The judge overseeing Dominion Voting Systems’ massive defamation case against Fox News said Wednesday that he plans to appoint an outside attorney to investigate whether the right-wing network lied to the court to withhold key evidence, after repeatedly expressing exasperation and frustration with Fox’s attorneys.

“I am very concerned… that there have been misrepresentations to the court. This is very serious,” Delaware Superior Court Judge Eric Davis said Wednesday at a pretrial hearing in Wilmington.

The extraordinary move, on the brink of the trial starting next week, is the latest blow to Fox News as it tries to fend off the $1.6 billion defamation lawsuit that Dominion filed in the wake of the 2020 presidential election.

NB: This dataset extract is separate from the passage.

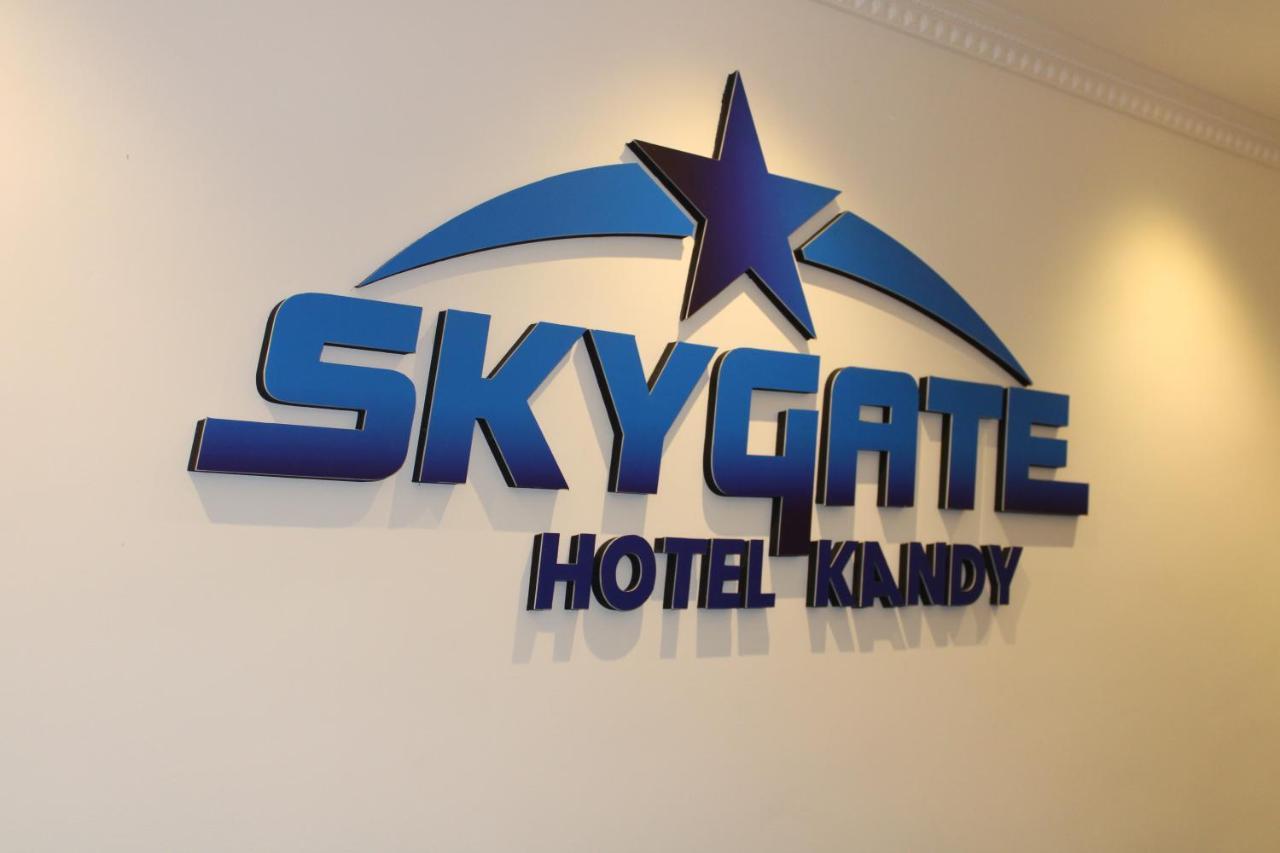 Sky Gate Kandy Buitenkant foto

Davis said he would appoint a so-called “special master” to investigate whether Fox previously made assertions to the court that were “untrue or negligent” when it said Rupert Murdoch was only an officer at Fox Corporation and didn’t have any role in Fox News – and when it said it had fulfilled all its obligations in the discovery process. This distinction about Murdoch may have narrowed what Fox turned over as part of the discovery process – like internal emails, text messages and other material.

“I’m very uncomfortable right now,” Davis said, after dressing down Fox’s lawyers from the bench.

The special master will look into what sanctions might be appropriate against Fox, including potentially instructing jurors in the case that Fox inappropriately blocked Dominion from obtaining key evidence.

The judge ordered Fox to preserve “any and all communications” related to the Murdoch issue.

Fox denies wrongdoing and says it properly disclosed Murdoch’s roles in its public financial filings. Fox attorney Dan Webb said Wednesday that “nobody intentionally withheld information” from Dominion.